GIVEN ENTRIES START

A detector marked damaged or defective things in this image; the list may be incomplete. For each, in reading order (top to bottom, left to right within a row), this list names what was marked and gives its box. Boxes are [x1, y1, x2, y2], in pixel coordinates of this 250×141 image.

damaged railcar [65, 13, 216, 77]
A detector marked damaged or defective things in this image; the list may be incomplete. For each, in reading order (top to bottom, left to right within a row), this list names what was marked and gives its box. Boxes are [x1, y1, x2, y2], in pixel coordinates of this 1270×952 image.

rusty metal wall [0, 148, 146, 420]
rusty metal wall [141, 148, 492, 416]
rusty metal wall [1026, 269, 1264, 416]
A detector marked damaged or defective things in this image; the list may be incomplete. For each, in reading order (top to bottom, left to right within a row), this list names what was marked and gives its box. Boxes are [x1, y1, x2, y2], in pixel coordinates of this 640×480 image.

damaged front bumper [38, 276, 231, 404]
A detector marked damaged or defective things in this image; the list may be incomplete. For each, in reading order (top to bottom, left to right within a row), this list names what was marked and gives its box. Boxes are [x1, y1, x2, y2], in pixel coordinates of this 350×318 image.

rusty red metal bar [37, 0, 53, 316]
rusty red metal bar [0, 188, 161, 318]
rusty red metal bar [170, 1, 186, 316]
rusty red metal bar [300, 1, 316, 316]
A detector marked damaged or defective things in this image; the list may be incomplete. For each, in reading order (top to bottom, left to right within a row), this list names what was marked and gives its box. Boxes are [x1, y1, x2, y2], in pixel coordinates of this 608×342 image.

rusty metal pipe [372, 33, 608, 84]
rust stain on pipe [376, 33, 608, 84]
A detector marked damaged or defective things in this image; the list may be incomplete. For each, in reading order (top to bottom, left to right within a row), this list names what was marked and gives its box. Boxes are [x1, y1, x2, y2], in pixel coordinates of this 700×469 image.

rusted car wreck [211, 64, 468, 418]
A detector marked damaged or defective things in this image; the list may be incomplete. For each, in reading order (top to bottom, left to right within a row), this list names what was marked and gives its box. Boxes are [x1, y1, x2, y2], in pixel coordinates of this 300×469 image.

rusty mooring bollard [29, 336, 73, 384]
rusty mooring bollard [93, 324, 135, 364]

GIVEN ENTRIES END

> ACTION ITEM
Your task is to transcribe exactly the lines from the one with "this 300×469 image." through the end of the data, both included, and nothing besides.

> ANSWER SPACE
A detector marked damaged or defective things in this image; the list may be incomplete. For each, in reading order (top to bottom, left to right within a row), this list names what was marked and gives its box. Boxes are [x1, y1, x2, y2], in pixel coordinates of this 300×469 image.

rusty mooring bollard [29, 336, 73, 384]
rusty mooring bollard [93, 324, 135, 364]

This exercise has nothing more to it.